Friday, October 19, 2007

The Latest in Litigation Excess

Tommy Urbanski is heading up a great big ol' fishing exhibition in Las Vegas. If you are familiar with Vegas at all you might question where this might occur. Someone's wallet of course. Tommy is suing Strip Club Owners, a football player and the NFL.

Urbanski was shot by an unknown assailant and left paralyzed at a strip club that revolved around a clusterfuck mob scene that occurred when Tennessee Titans player Pacman Jones threw a boat load of money onto a stage at the strip club then decided he didn't want them to have it. Threats were made, shots fired and hell broke lose.

While I sympathize with Urbanski being shot and figure he probably has a legitimate shot at going after Jones since it was his entourage that seemed to kick things off, the idea that the NFL was involved is just obscenely stupid. His attorney asserts that The NFL should have had already disciplined Jones since he had been arrested 6 times before for various infractions. The theory is that he would not have been invited to this party as "NFL Player" Pacman Jones.

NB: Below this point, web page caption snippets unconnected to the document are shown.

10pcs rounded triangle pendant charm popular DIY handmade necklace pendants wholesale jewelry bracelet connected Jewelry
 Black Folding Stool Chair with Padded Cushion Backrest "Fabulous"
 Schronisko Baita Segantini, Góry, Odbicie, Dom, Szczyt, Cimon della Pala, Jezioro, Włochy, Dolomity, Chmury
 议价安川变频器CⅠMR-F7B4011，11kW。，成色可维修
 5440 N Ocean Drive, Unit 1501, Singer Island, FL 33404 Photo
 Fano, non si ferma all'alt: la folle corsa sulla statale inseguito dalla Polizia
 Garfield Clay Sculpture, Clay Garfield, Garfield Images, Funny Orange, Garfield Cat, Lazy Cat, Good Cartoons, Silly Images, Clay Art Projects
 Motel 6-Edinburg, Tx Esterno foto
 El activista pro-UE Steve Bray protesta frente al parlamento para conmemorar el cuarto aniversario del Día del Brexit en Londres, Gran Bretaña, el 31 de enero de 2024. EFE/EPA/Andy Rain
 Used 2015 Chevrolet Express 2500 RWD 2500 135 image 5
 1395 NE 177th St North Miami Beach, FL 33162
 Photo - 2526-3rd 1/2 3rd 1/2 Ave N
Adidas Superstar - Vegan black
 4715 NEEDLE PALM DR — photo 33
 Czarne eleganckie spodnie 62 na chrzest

Talk about taking the shotgun approach. Let's blast away at anything remotely connected. It is not the NFL's responsibility to monitor someone's behavior. They do so of course but out of a business decision, not from public safety standpoint. That would be the local law enforcement's job. But then again, the NFL has deeper pockets so Urbanski and his lawyer would rather commit legal douchebaggery in hopes of a settlement. The NFL is a big target but not a good selection.

A lot of frivolous lawsuits are from people who are victims of their own stupidity and try to blame others. This time there is a real victim and there is someone who should pay but it isn't the NFL.

1 Comments:

At 10:58 AM, Blogger Lydia said...

I feel badly for the guy. Horrible situation to be stuck in and an awful end result for him. But I agree that going after the NFL seems to be a pointless exercise here.

I always wonder with these kinds of lawsuits whether the motivation is for people to try and attach blame wherever possible, or they feel they're owed and want compensation from whoever, or how much it's the lawyer encouraging them to pursue the outside chance.